(Dataset items)

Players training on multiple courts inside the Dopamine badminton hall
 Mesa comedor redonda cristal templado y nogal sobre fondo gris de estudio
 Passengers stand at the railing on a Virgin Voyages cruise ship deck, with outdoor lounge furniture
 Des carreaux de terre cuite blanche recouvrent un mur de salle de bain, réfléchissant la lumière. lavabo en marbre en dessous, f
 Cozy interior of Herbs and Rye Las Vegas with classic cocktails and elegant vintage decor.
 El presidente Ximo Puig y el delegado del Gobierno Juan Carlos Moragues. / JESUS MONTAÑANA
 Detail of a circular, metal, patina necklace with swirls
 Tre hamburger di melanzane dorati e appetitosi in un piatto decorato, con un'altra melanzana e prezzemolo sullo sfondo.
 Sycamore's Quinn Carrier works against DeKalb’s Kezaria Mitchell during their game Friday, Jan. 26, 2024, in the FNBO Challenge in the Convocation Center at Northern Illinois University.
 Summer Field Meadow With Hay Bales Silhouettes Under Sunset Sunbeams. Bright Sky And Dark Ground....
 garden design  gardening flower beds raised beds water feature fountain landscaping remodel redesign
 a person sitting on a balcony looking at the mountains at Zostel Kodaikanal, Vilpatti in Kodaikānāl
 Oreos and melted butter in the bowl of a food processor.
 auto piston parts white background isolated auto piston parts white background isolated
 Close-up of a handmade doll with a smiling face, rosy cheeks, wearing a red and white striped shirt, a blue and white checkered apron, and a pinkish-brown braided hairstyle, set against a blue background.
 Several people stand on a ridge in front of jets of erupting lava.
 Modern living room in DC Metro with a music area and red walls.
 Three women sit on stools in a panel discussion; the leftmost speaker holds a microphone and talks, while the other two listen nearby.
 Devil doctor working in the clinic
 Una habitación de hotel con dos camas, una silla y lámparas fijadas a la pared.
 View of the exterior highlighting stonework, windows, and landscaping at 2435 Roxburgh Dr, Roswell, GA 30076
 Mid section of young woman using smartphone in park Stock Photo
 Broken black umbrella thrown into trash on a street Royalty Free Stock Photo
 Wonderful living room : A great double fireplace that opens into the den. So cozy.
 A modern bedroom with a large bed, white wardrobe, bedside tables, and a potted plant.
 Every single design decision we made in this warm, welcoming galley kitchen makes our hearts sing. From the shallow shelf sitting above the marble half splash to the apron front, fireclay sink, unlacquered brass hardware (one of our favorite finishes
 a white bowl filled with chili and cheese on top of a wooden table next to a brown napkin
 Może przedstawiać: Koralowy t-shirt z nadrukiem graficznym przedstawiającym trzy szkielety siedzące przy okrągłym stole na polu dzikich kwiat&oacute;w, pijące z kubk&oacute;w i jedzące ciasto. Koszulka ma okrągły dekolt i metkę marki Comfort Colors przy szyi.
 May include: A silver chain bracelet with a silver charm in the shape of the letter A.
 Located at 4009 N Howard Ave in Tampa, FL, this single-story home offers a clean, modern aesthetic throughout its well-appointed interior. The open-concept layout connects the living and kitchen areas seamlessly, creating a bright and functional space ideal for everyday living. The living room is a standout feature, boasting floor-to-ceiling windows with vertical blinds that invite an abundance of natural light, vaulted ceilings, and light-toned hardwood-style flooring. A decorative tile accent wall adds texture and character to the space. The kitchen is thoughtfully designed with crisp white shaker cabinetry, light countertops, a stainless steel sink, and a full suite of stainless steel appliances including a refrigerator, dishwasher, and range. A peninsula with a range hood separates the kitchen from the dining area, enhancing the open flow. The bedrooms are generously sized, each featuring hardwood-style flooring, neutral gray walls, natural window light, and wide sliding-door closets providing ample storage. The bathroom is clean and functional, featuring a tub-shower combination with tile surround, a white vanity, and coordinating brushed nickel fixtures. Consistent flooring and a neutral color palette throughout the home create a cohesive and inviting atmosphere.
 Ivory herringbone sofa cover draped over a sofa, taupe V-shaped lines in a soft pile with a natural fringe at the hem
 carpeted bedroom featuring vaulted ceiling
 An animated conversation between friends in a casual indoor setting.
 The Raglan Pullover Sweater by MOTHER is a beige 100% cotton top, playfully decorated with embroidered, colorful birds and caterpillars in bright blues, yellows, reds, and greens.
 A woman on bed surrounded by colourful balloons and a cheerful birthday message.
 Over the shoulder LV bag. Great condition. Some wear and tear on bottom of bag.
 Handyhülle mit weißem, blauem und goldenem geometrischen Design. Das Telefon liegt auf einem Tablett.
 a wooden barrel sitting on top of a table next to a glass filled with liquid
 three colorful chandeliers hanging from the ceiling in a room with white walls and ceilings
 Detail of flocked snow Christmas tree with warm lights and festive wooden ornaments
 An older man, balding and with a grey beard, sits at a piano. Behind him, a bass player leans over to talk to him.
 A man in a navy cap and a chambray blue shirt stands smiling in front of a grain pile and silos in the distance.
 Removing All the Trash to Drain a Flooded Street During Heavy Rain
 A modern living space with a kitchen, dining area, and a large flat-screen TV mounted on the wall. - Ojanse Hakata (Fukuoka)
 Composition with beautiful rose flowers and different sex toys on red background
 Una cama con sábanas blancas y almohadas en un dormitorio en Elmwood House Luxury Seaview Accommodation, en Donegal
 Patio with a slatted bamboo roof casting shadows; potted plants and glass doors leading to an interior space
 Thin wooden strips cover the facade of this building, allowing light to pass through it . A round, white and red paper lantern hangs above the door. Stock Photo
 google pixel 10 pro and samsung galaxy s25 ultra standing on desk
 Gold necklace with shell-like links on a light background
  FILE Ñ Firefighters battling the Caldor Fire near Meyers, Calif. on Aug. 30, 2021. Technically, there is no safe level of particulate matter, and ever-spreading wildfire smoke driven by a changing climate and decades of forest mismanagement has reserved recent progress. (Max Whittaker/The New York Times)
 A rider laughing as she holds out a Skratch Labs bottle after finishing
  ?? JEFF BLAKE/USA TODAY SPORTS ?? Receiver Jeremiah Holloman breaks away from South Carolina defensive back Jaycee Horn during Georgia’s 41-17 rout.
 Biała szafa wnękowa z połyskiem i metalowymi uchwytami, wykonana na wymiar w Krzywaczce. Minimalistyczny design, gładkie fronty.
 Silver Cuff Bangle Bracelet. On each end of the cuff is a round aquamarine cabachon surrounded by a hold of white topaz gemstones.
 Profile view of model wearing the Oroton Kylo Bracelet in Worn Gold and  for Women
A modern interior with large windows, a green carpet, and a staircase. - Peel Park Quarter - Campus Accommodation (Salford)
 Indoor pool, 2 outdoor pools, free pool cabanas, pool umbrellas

- GOAL OF THE EXERCISE
Read through the entries and copy every line that includes "Stock".

- TASK SOLUTION
 Mid section of young woman using smartphone in park Stock Photo
 Broken black umbrella thrown into trash on a street Royalty Free Stock Photo
 Thin wooden strips cover the facade of this building, allowing light to pass through it . A round, white and red paper lantern hangs above the door. Stock Photo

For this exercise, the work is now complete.